#### PROBLEM TO WORK ON:
For the listing that follows, give again exactly the lines from the one with "Aston Martin V8 Vantage Roadster" to the one with "New 2026 Audi", including both.

#### GIVEN RECORDS:

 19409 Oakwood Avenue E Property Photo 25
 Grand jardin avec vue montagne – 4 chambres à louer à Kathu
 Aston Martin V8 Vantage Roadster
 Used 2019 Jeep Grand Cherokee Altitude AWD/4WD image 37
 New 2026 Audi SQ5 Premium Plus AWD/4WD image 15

* * *

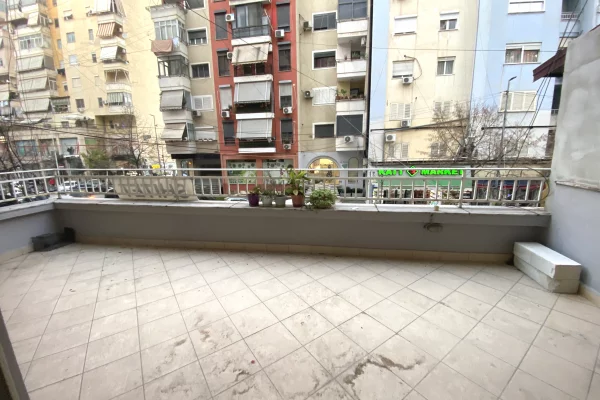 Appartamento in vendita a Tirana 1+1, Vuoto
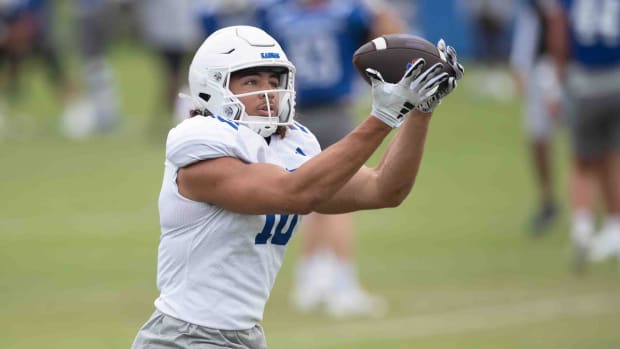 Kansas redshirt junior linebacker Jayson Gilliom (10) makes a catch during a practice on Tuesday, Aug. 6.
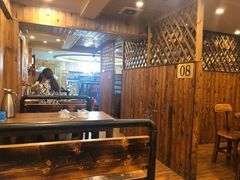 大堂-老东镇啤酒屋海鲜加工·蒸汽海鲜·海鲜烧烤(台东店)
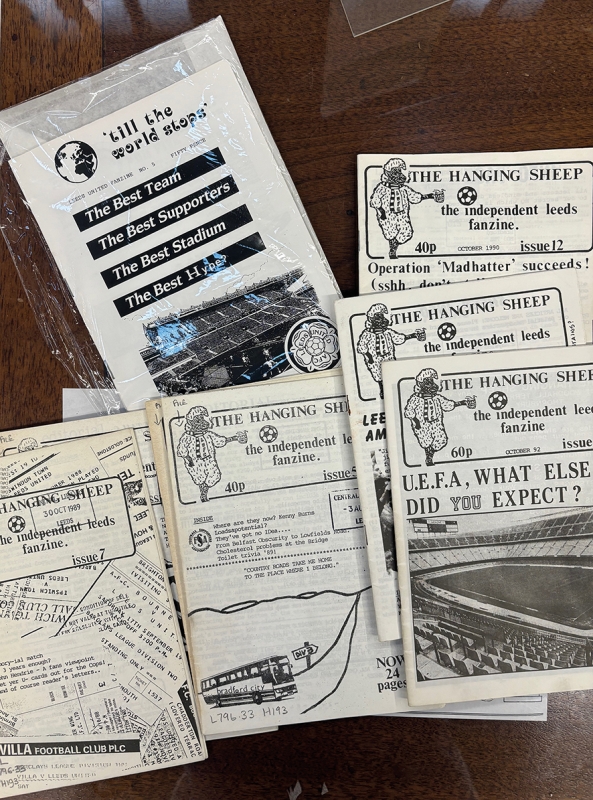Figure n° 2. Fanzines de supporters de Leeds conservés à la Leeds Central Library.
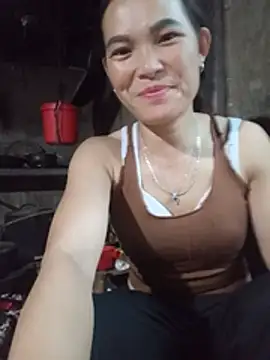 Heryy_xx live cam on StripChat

...

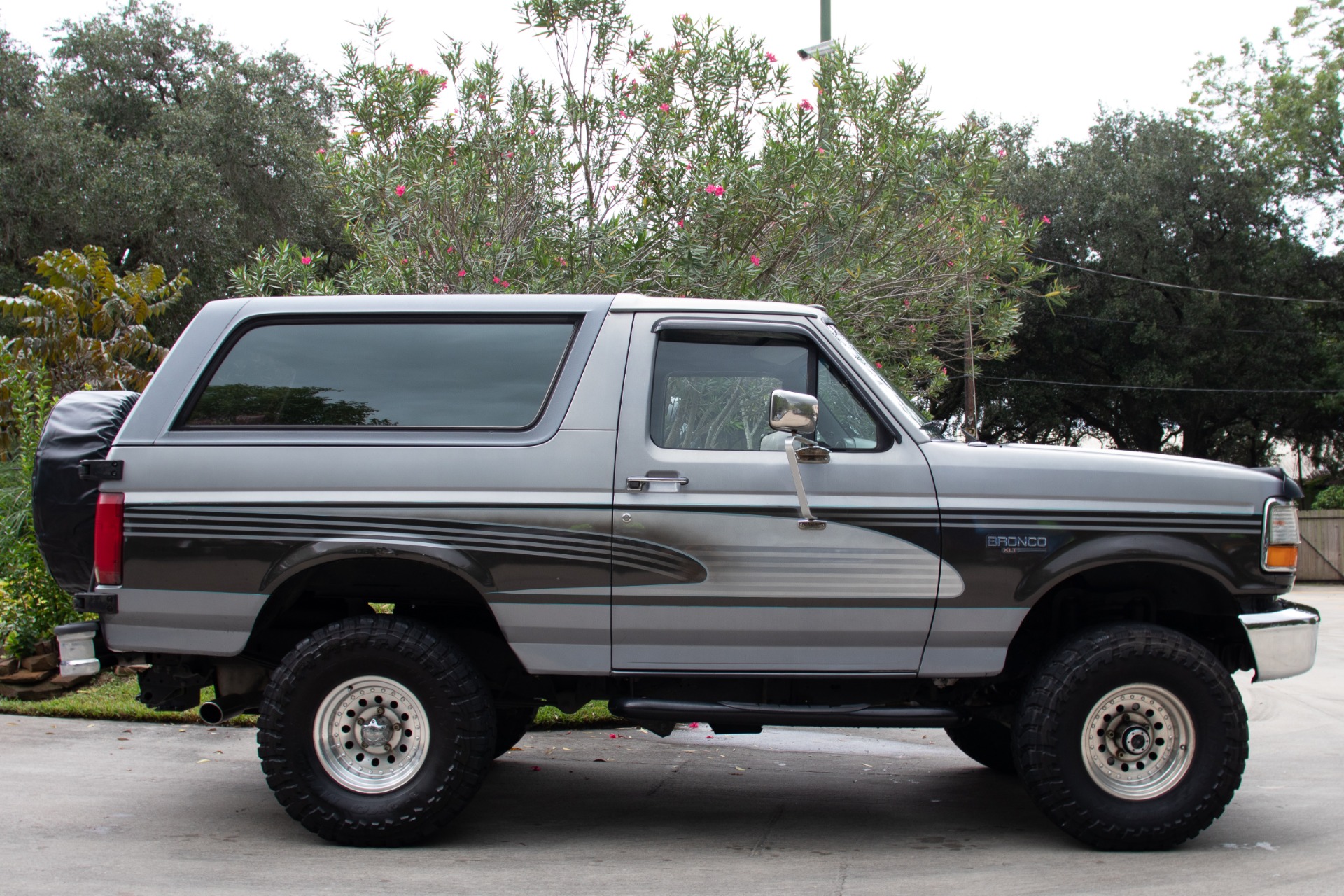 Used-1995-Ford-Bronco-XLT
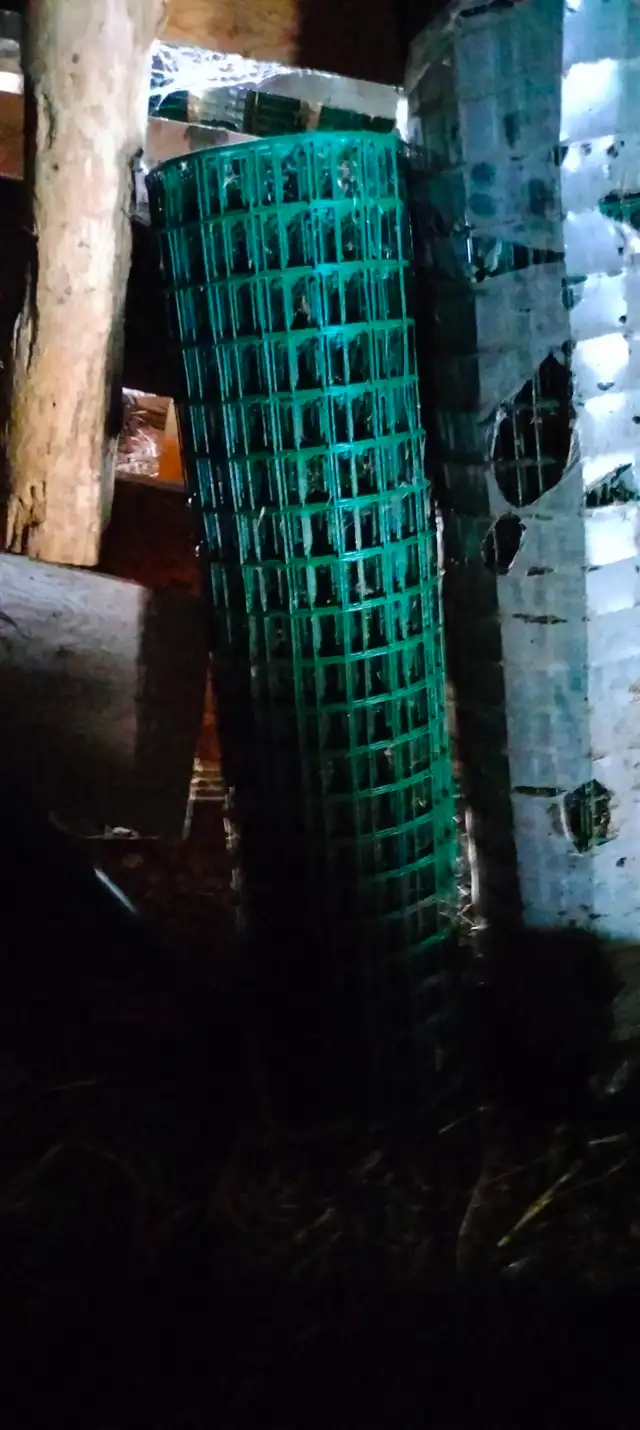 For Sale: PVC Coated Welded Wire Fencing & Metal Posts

#### YOUR SOLUTION:
 Aston Martin V8 Vantage Roadster
 Used 2019 Jeep Grand Cherokee Altitude AWD/4WD image 37
 New 2026 Audi SQ5 Premium Plus AWD/4WD image 15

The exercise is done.